Or so he thinks. But a pastor that knows both P.I.s – the eighty-something Samuel Thorpe – is more than a little concerned. He knows that what a man intends can change quickly, given the wrong sort of circumstances. So when Nick pops by for a visit, Pastor Thorpe decides this is the time for a needed, awkward conversation.

"It's a fine line," Samuel said, "Between ministering and tending another man's business. I'm generally averse to offering advice unasked for and, always so conscious of my own shortcomings, loath to take notice of another's. You'll bear that in mind as I speak." 
"It's a ticklish business to be friends with a woman, particularly one like Miss Kellie. She's fine-looking, and smart and of good character. I'm certain you're not blind to that. I doubt for that matter, that it's escaped her notice that a woman could do worse than land a man like you.

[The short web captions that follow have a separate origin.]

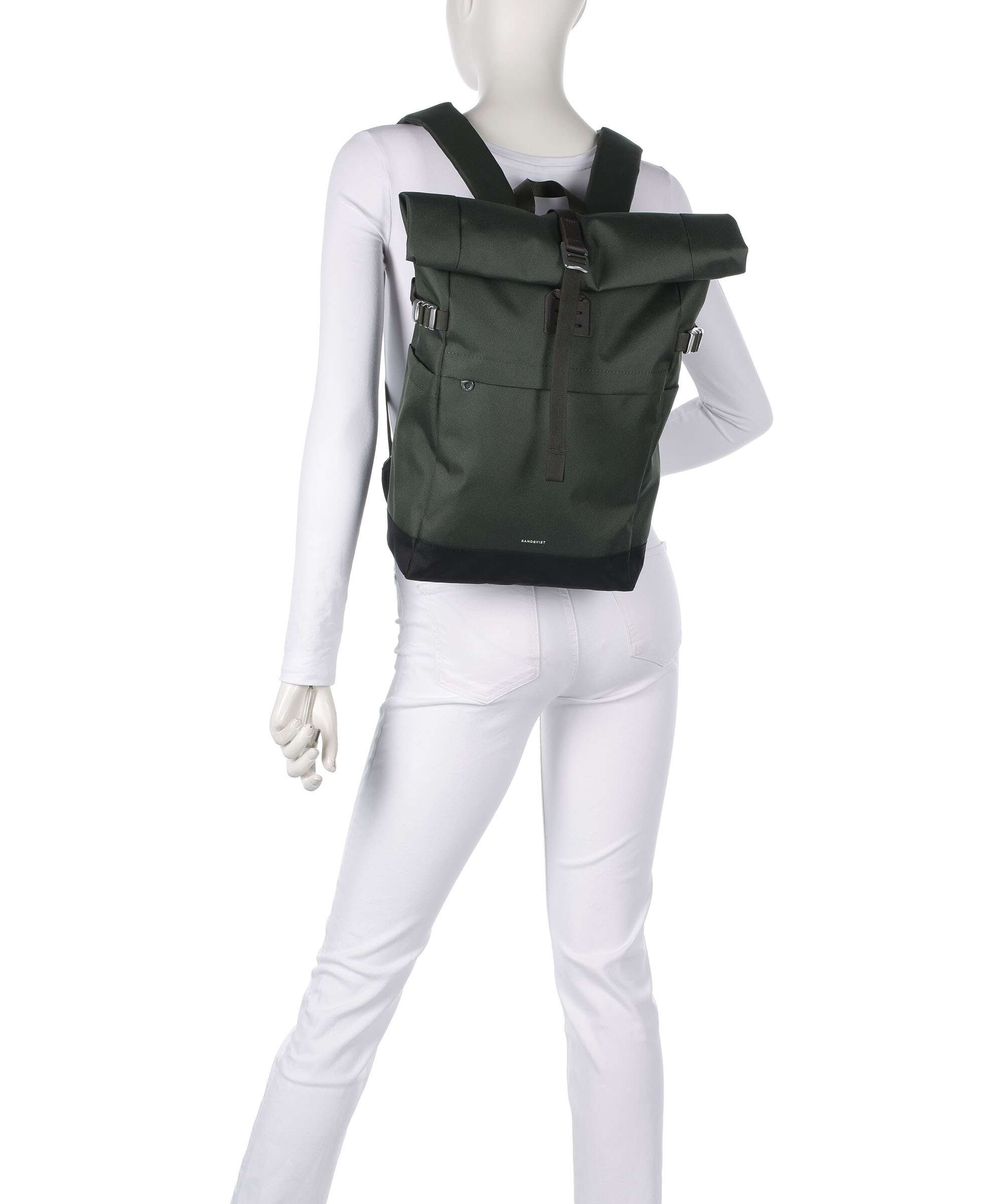 Sandqvist Icon M Rolltop backpack multicolour/black/navy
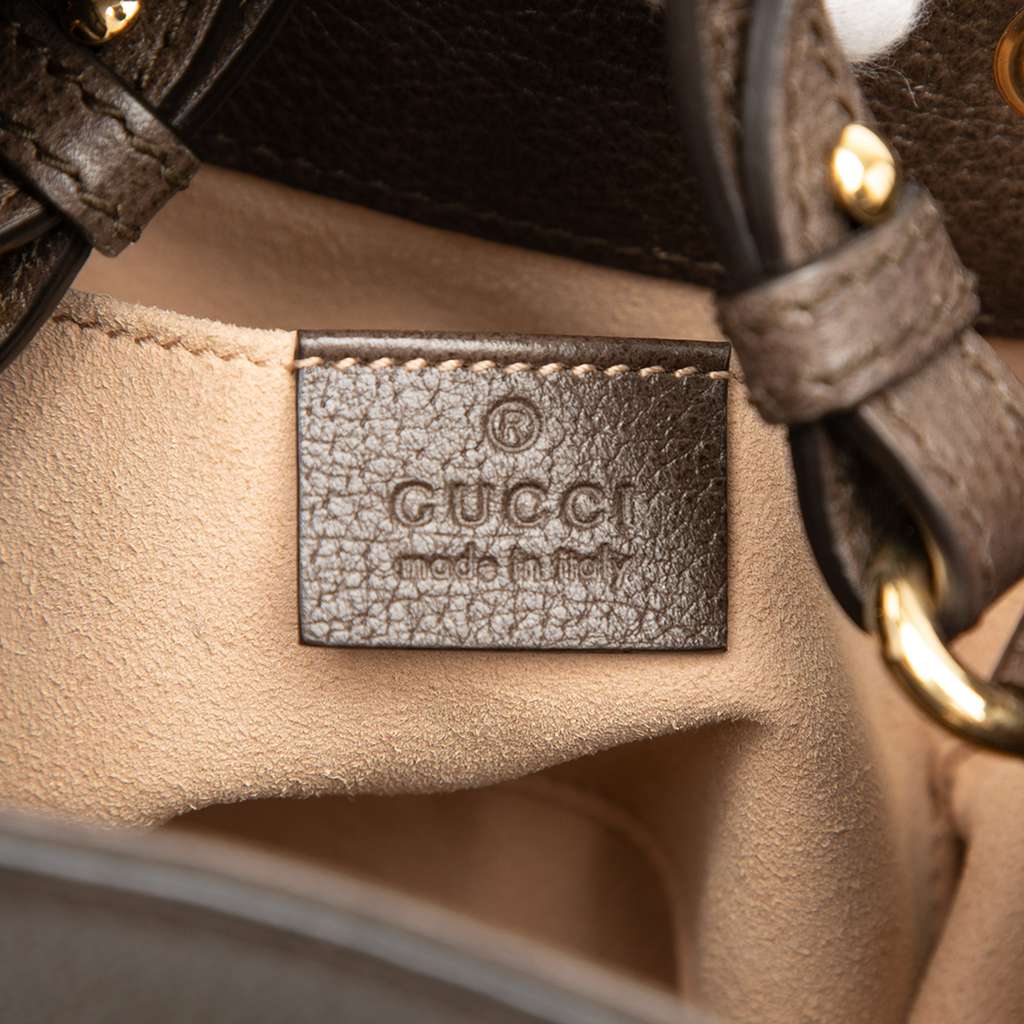 Gucci Small GG Supreme Ophidia Web Bucket Bag - 5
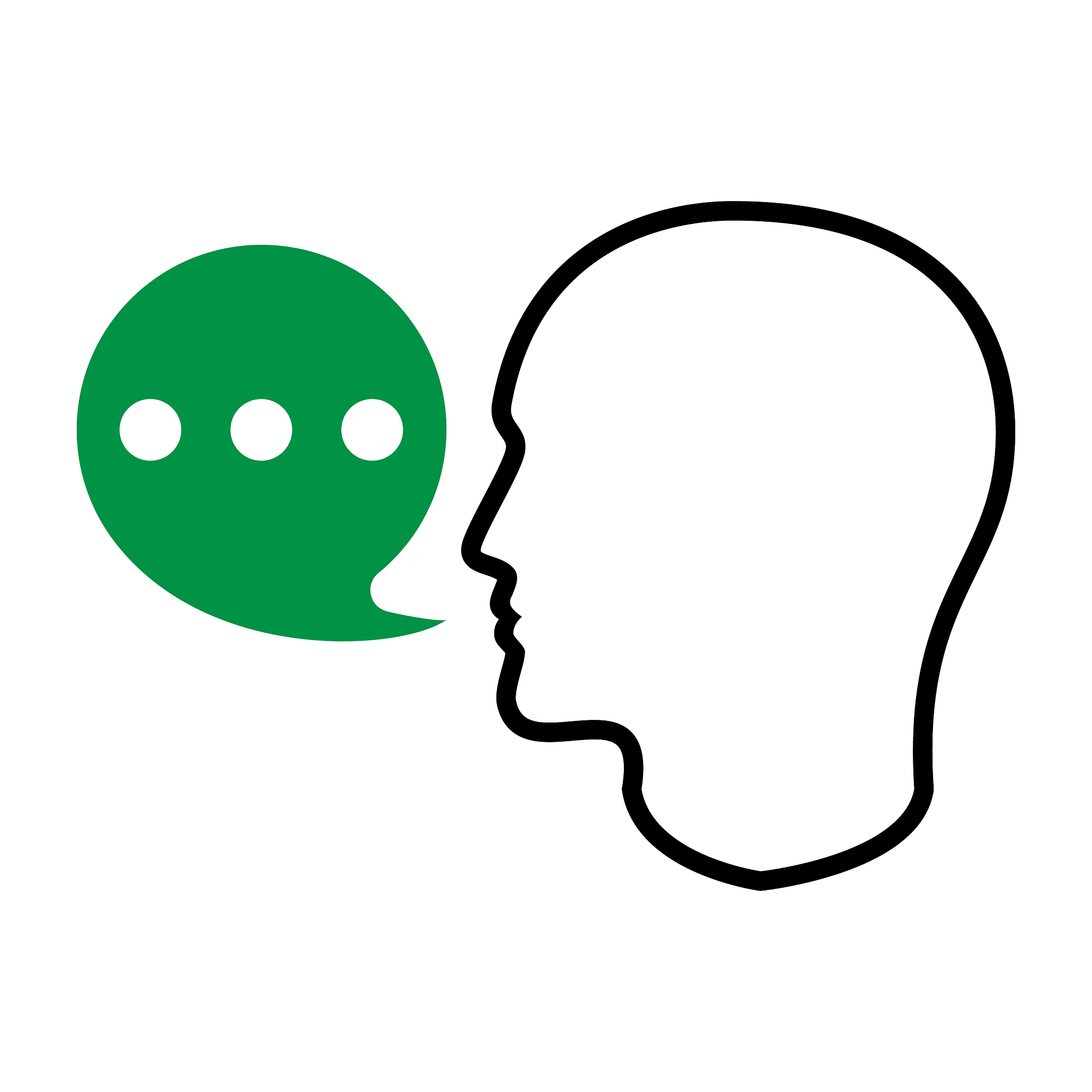 speaking head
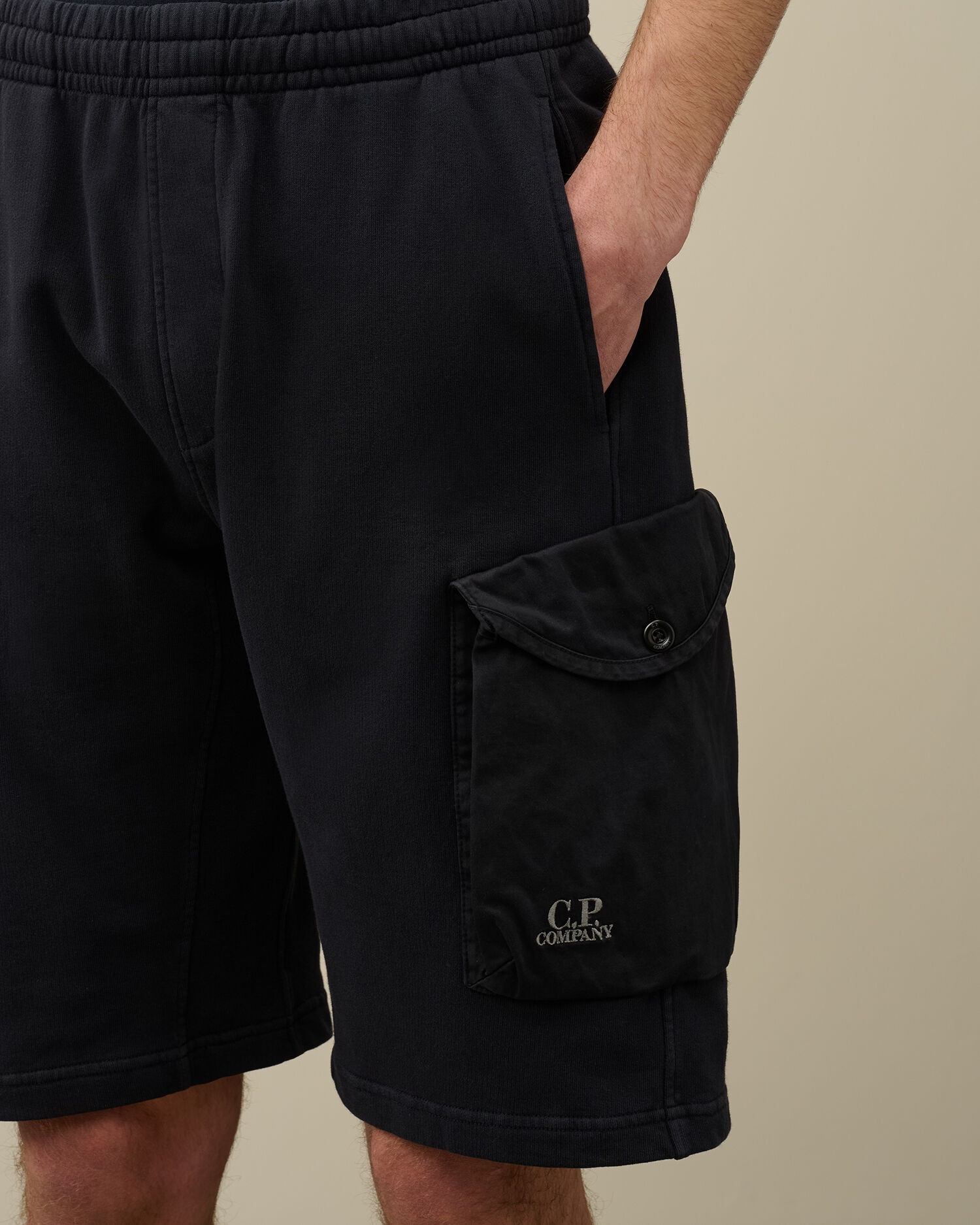 Cotton Fleece Mixed Cargo Shorts - 4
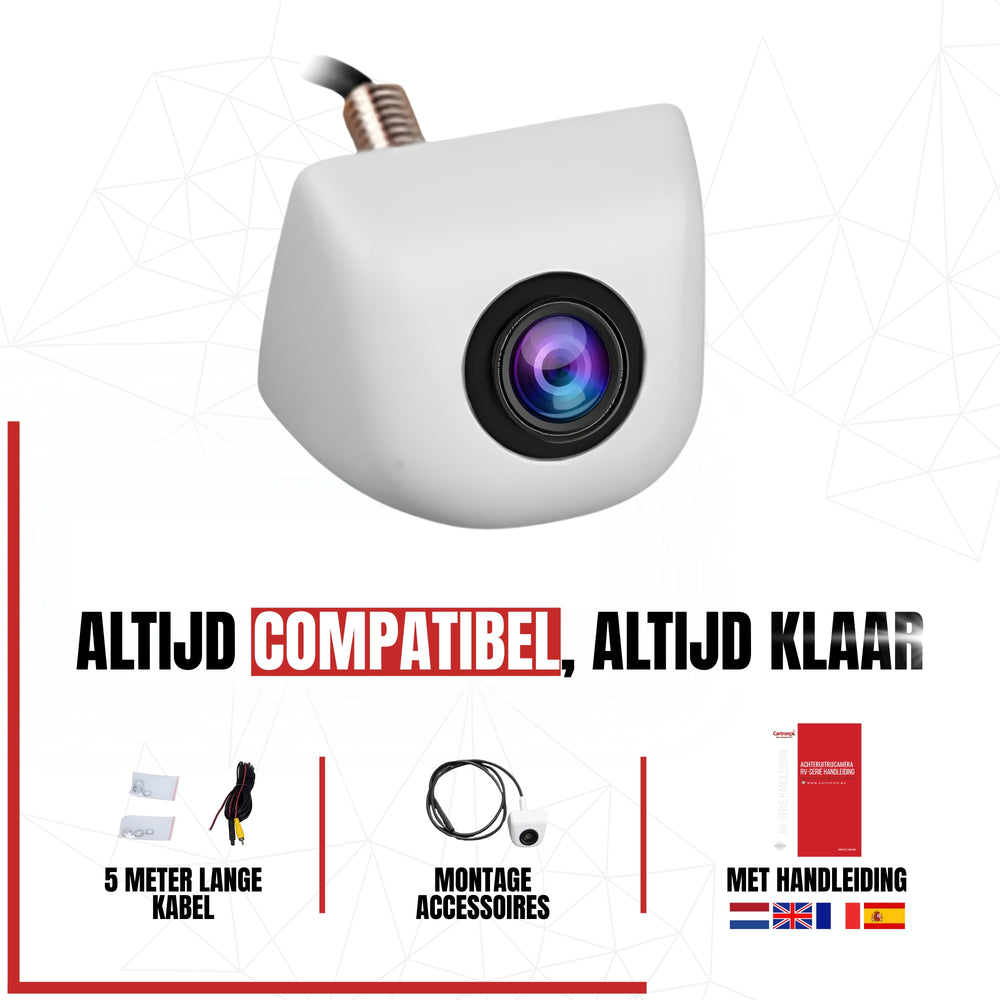 Cámara de marcha atrás RV-360 PRO | Aspecto original | Blanco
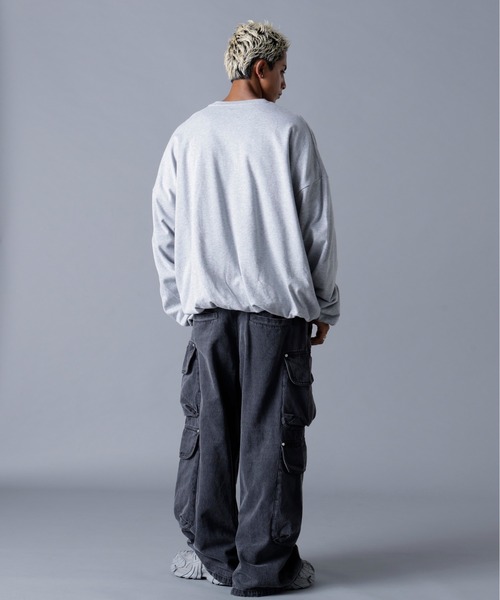 DANKE SCHON(ダンケシェーン)の「DankeSchon/ダンケシェーン/12OZ CHEMICAL DENIM CARGO(デニムパンツ・メンズ・ブラック/グレー・S/M/L)」の15枚目の写真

But as you mentioned, she's in a committed relationship, Nick." 
"Yes, I have mentioned that before," I said. "But I don't see how this is an issue we need to discuss." 
"It's not only an issue of honor," he said, "but of the slow or fast erosion of your soul. Every moral decision you make, Nick, affects your soul. This woman, I can tell, has a hold on you. Don't do anything to hurt her. Her boyfriend. Or you." 
Sam straightened and began pacing again. "Now I'm not suggesting that you have or intend to do anything inappropriate. But it's like driving a car. Good drivers aren't the ones who can handle a car in a skid and keep it on the road. Good drivers are those who recognize when conditions are bad and take action not to get into trouble in the first place." 
"Kellie's in trouble," I said. "She needs help. That's all I'm doing."
"You don't have to justify your motives to me. Just beware of them yourself. All I'm saying is if there's trouble way up the road, it'd be a lot better for you to see it coming and slow down before you reach it."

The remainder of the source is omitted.